Born in Houston and raised in Los Angeles, Jackson began her art career creating community murals in California. Her early work focused on depicting the lives of domestic laborers working in informal economies. In 2013, the killing of 17-year-old Trayvon Martin marked an important shift in her practice to return to painting and interrogating histories of violence against Black children and teenagers.
“Tomashi is an artist who radically pushes the boundaries of painting, challenging the conventional two-dimensions of the media to expand it, quite literally, into new spaces,” Hallie Ringle, Daniel and Brett Sundheim Chief Curator of the ICA Philadelphia, who is organizing the exhibition at the ICA, said. “Conceptually, her work also pushes us, with layers of meaning and archival images that encourage us to confront discriminatory laws and policies in our history. The exhibition resonates especially within the historical context of Philadelphia, a city deeply entrenched in issues of racial and social justice.”
Over the course of her career, Jackson has sought to reveal how systemic racism has informed the United States’ approach to such fundamental issues as education, housing, and transportation as well as underrecognized histories of civil rights advocacy and empowerment in marginalized communities. Inspired by Josef Albers’ research on the relativity of color, Jackson employs image layering and the effects of light and perception as well as geometric abstraction and halftone lines to illuminate patterns of resistance and societal advances.

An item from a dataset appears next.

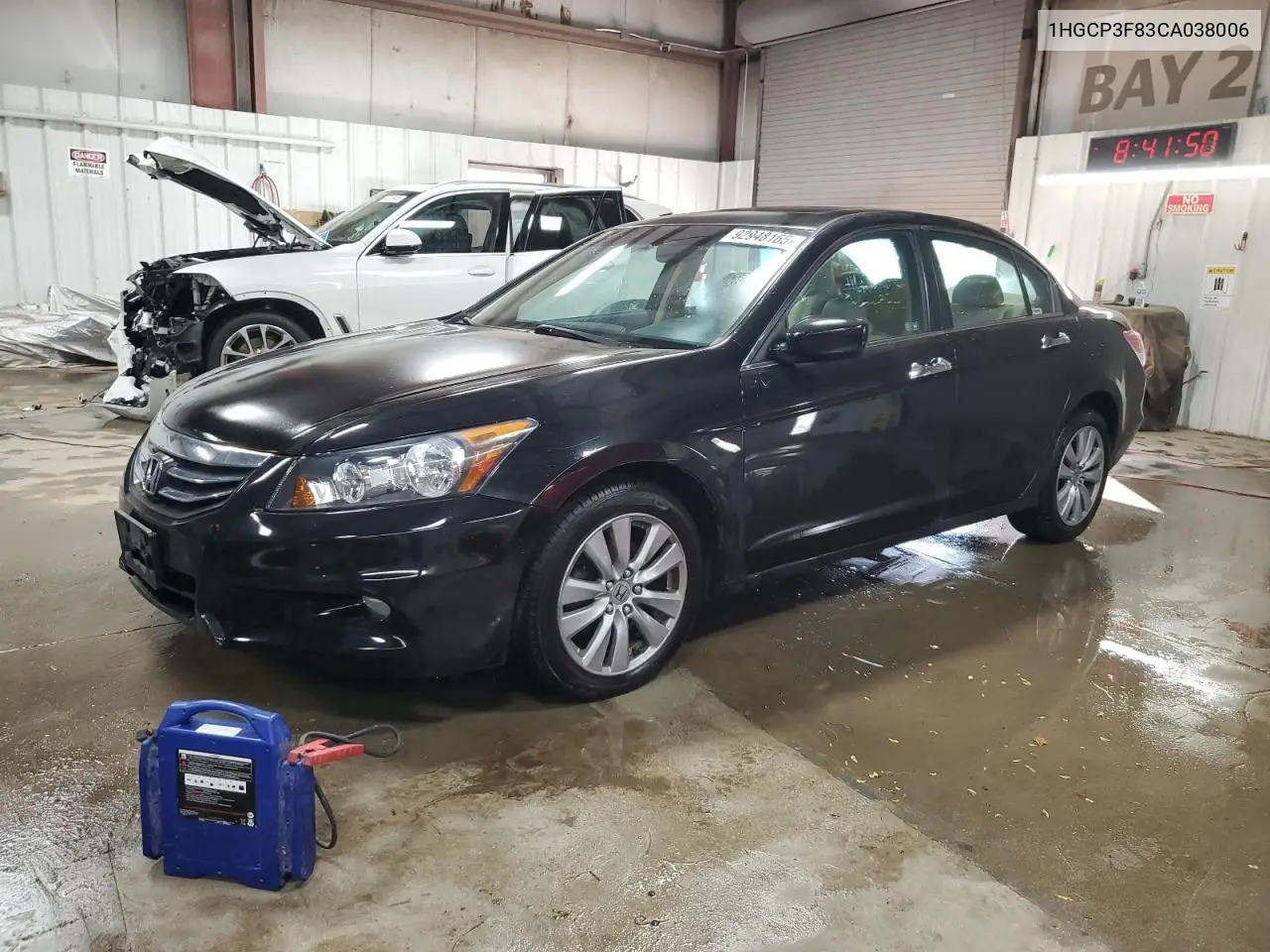 1HGCP3F83CA038006 2012 Honda Accord Exl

Across the Universe features over 30 artworks from the past decade, placing examples of the artist’s projected time-based videos, which the artist considers “moving paintings,” in dialogue with paintings and sculptures that articulate how Jackson’s use of color and conceptual layering translates across these mediums.

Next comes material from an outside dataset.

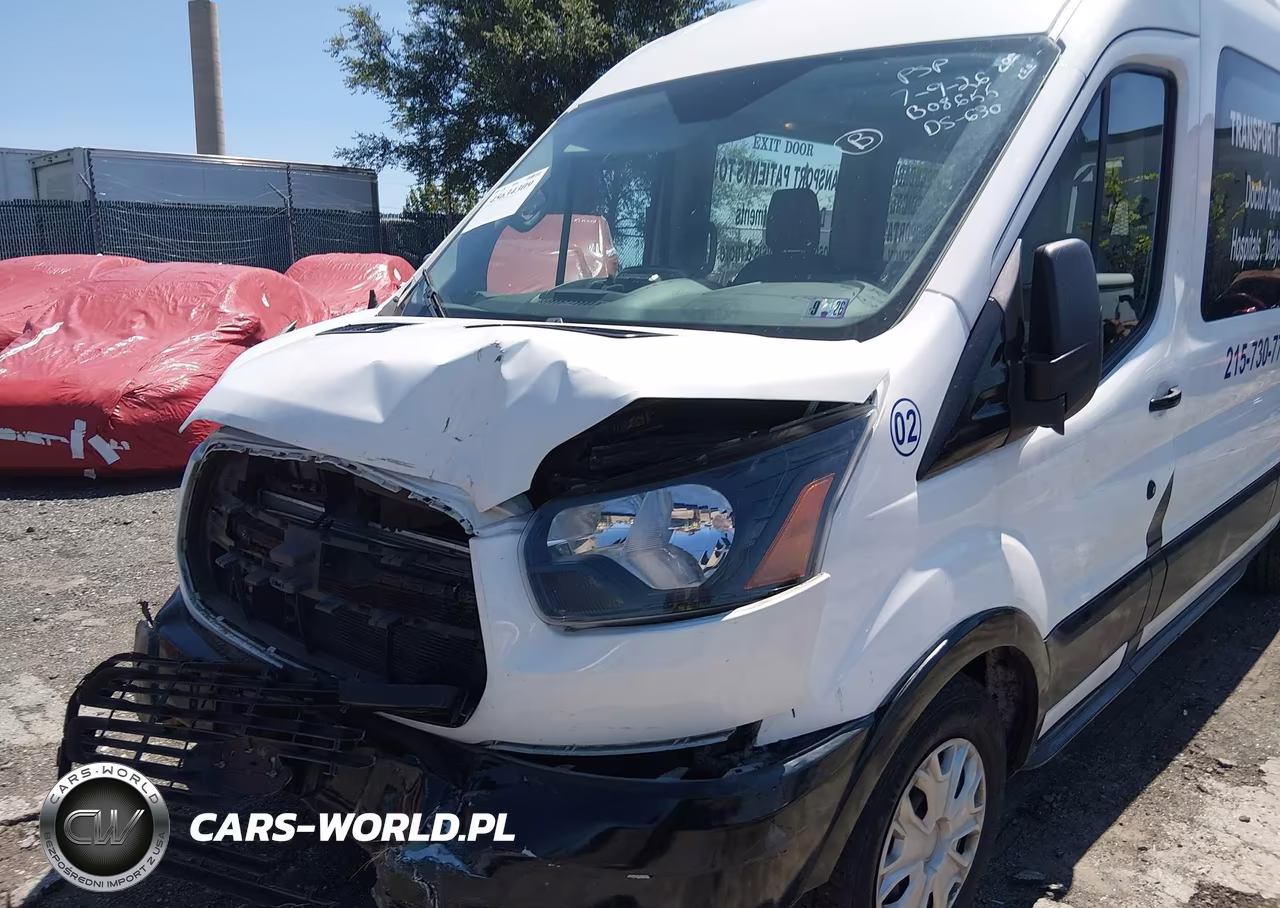 2015 Ford Transit-350 Xl VIN:1FDZX2CM9FKB08655 - 6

Many recent paintings, such as Press and Curl (Black and Brown People’s Mortgage Free Homes) open up traditional boundaries of painting and are supported by awning structures, layered with strips of vinyl that extend out from the walls toward the viewer. Others, such as States’ Rights (Brown et al. vs The Board of Education of Topeka, Kansas) (Limited Value Exercise)) are comprised of textiles, industrial material such as PVC marine vinyl fabric, and found ephemera suspended from rods or held by other armatures that more subtly extend into the gallery and viewer’s space.
Framed photographic portraits, screen prints, and music-based video work round out the exhibition, along with three commissioned paintings and a video inspired by Jackson’s time in Colorado during the summer of 2022.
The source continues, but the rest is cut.